Allocations made with that space are accessible from host and device. 
You can tell Kokkos to use that as the default space for Cuda allocations.
In either case UVM comes with a number of restrictions:
(i) You can't access allocations on the host while a kernel is potentially 
running. This will lead to segfaults. To avoid that you either need to 
call Kokkos::Cuda::fence() (or just Kokkos::fence()), after kernels, or
you can set the environment variable CUDA_LAUNCH_BLOCKING=1.
Furthermore in multi socket multi GPU machines, UVM defaults to using 
zero copy allocations for technical reasons related to using multiple
GPUs from the same process.
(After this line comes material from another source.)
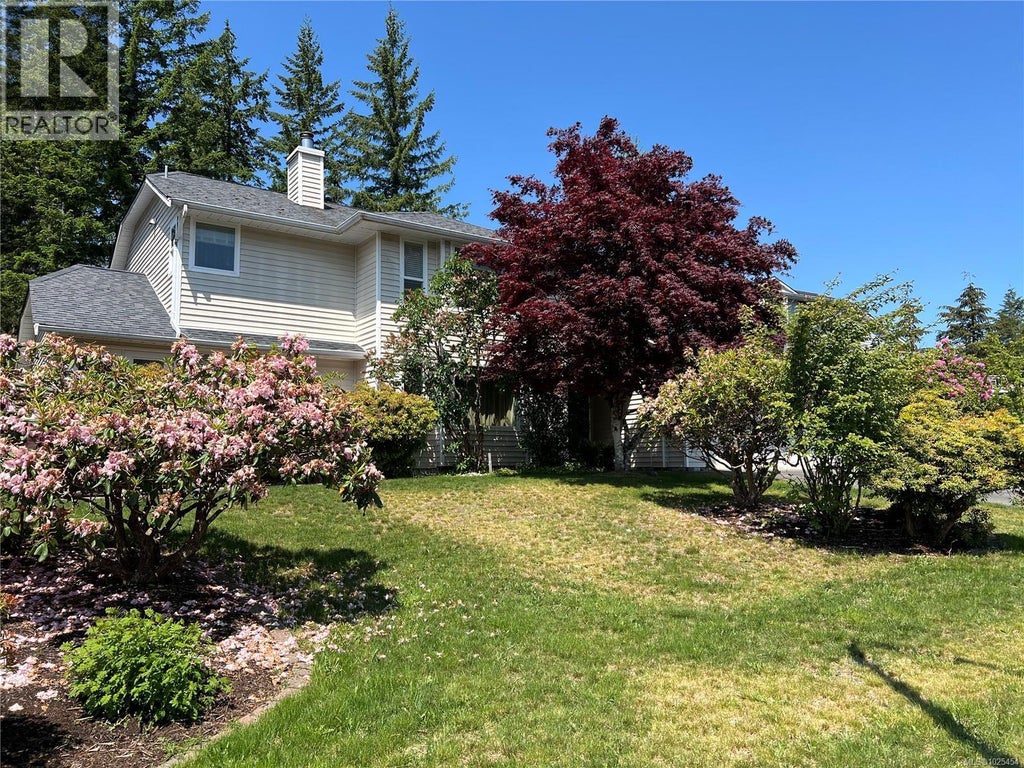 492 Cedar Crecent, Gold River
If an executable doesn't do that (e.g. each
MPI rank of an application uses a single GPU [can be the same GPU for 
multiple MPI ranks]) you can set CUDA_MANAGED_FORCE_DEVICE_ALLOC=1.
This will enforce proper UVM allocations, but can lead to errors if 
more than a single GPU is used by a single process.


Contributions to Kokkos are welcome. In order to do so, please open an issue
where a feature request or bug can be discussed. Then issue a pull request
with your contribution. Pull requests must be issued against the develop branch.